Die Berliner Vereinigung der Verfolgten des Naziregimes nimmt seit 2010 an den jährlichen Gedenkfeiern an die Opfer des KZ und Zuchthauses teil, die die Gemeinde veranstaltet. Ein neugegründeter Internationaler Arbeitskreis setzt sich seitdem dafür ein, dass die Gedenkstätte in Słońsk mit dem Museum und dem Friedhof für die Opfer des Zuchthauses auch ein europäischer Gedenk- und Mahnort wird.
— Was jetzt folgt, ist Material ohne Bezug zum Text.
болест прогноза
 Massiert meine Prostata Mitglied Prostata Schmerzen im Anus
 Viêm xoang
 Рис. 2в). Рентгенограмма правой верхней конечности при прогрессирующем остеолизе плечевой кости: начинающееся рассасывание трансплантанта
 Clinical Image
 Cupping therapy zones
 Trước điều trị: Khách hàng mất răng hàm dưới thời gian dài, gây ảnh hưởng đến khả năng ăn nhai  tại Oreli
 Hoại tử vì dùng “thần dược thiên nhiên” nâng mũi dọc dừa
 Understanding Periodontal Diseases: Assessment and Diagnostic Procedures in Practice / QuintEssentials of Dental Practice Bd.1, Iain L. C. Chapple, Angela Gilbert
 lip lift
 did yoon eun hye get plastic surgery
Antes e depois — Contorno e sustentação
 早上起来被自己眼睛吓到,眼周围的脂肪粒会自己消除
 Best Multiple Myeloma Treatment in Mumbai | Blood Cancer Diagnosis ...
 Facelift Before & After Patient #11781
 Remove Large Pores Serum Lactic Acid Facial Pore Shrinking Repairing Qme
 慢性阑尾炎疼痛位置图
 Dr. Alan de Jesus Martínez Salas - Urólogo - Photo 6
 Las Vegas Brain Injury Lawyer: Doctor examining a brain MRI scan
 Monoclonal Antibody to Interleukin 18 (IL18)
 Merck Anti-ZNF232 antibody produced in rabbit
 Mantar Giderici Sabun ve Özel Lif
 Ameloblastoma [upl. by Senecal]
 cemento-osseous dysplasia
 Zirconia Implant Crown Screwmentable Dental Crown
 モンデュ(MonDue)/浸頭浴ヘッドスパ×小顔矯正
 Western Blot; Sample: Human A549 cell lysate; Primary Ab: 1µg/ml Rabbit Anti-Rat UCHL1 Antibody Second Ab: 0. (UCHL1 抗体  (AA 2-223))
Die Zusammenarbeit zwischen der Berliner VVN-BdA und der Gemeinde in Słońsk begann mit der Vorbereitung der viel beachteten Konferenz zur Geschichte des KZ und Zuchthauses Sonnenburg im September 2013. An dieser nahmen Angehörige ehemaliger KZ- bzw. Zuchthaus-Häftlinge teil: Erika Klug, Tochter von August Klug, der in dem berüchtigten Massaker 1945 ermordet wurde; Wolfgang Linke, Sohn von Emil Linke, der nach seiner Entlassung aus dem KZ Sonnenburg in die Sowjetunion floh und dort 1938 im Zuge des Großen Terrors ermordet wurde; Ingrid Kröning, Tochter des im Zuchthaus ermordeten deutschen Antifaschisten Paul Voss sowie die dritte Generation von KZ-Häftlingen Natalja Schäfer (Enkelin von Rudolf Bernstein, Autor des Buches »Die Hölle von Sonnenburg«) sowie Jan Lekschas (Enkel von Fritz Lange). An der Konferenz nahmen auch teil Peter Gerlinghoff, Leiter des Mitte der 1980er-Jahre begründeten »Arbeitskreis Ehemaliges KZ Sonnenburg« bei der Westberliner Friedenskooperative, Eckart Spoo, Herausgeber der Zeitschrift Ossietzky.
Kurz nach der Konferenz unterbreitete der Arbeitskreis der Gemeinde ein von Kaspar Nürnberg, Dr. Hans Coppi, Kamil Majchrzak und dem polnischen Historiker Dr. Andrzej Toczewski abgestimmtes Konzept über »Thematische Aspekte für eine neue Ausstellung im ›Museum der Martyrologie der Häftlinge – Opfer des Hitlerfaschismus‹ in Słońsk/Sonnenburg 1933-1945«. Nach eingehender Diskussion u.a. mit dem polnischen Prof. Tomasz Nodzyński, einem Experten für Geschichte des 19. Jahrhunderts, wurden die vorgelegten »Themen-Aspekte« Grundlage für die zweisprachige Ausstellung im Museum und die anschließende Ausschreibung der Gemeinde zu deren Gestaltung. Zuvor übergab Peter Gerlinghoff Materialien seines Arbeitskreises an die Berliner VVN-BdA. Frieder Böhne übertrug die darin enthaltenen ca. 500 Namen in eine von ihm angelegte Datenbank, die Ende Dezember 2014 – nach umfangreichen weiteren Recherchen – nunmehr 956 Namen von ehemaligen KZ-Häftlingen enthält. Der engagierte Fotograph Andreas Domma fertigte Mitte 2013 eine umfangreiche Inventarisierung der zerstörten Exponate der Ausstellung des Museums aus dem Jahre 1974 an.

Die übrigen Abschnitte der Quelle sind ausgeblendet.